'''

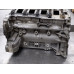 #BKC32 Engine Cylinder Block For 11-17 Chevrolet Equinox  2.4 12642782 Gas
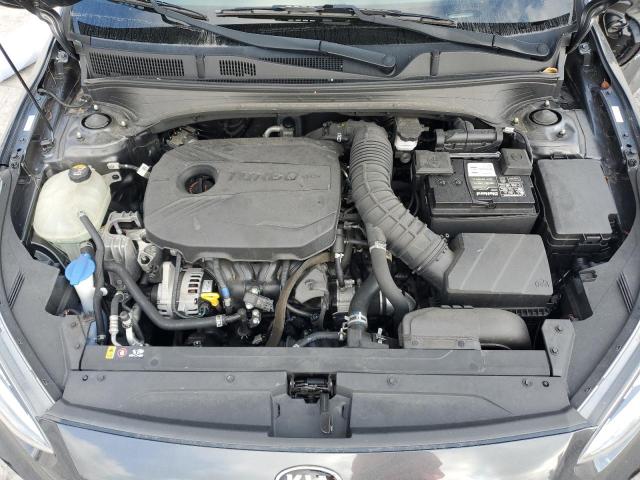 Photo 11 from auction – 2021 KIA FORTE GT with VIN 3KPF44AC9ME294848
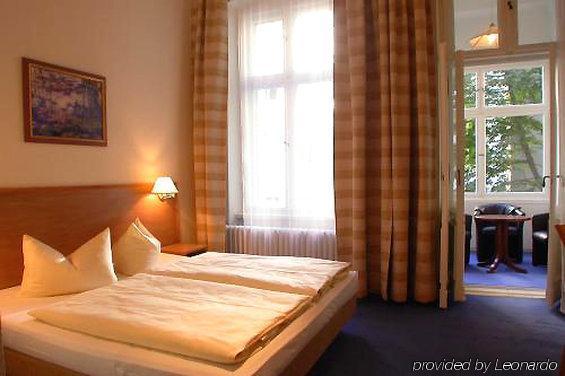 Hotel Atlanta Am Kurfurstendamm Berlin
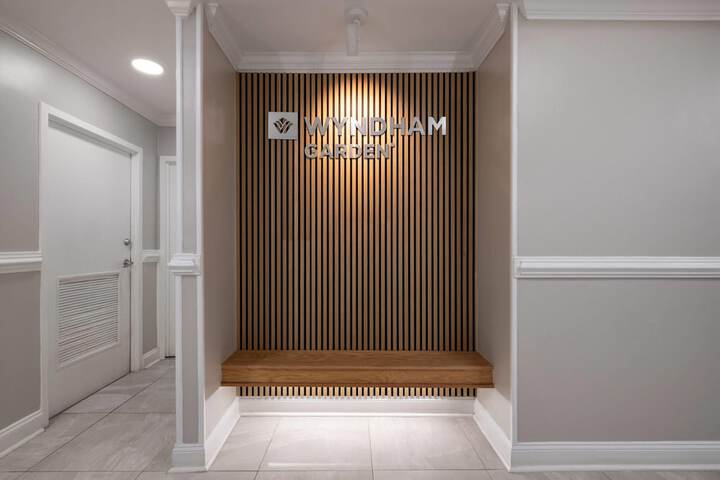 Wyndham Garden Manassas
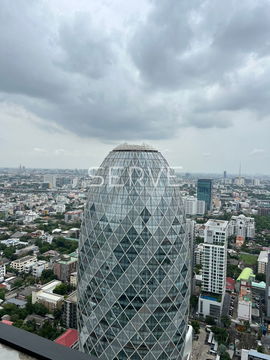 Condo For Rent & Sale  Noble Around Ari New Condo High Rise Good Location BTS Ari 220 m.-Noble Around Ari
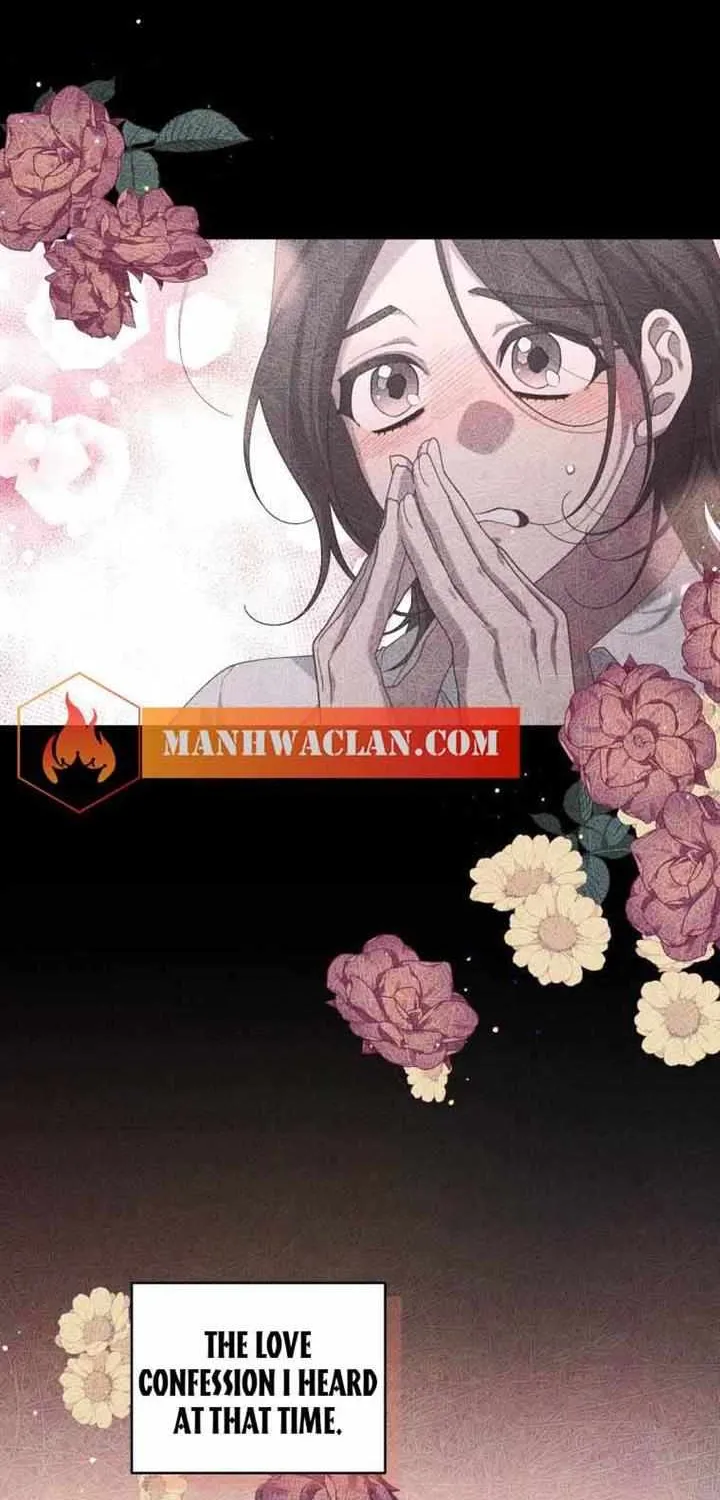 The Beast Tamed by the Villainess Chapter 47 page 8 -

'''

Problem statement>
From the first line above down to the line with "Wyndham Garden Manassas", reproduce every line and no others, omitting pictures.

Result of this exercise>
 #BKC32 Engine Cylinder Block For 11-17 Chevrolet Equinox  2.4 12642782 Gas
 Photo 11 from auction – 2021 KIA FORTE GT with VIN 3KPF44AC9ME294848
 Hotel Atlanta Am Kurfurstendamm Berlin
 Wyndham Garden Manassas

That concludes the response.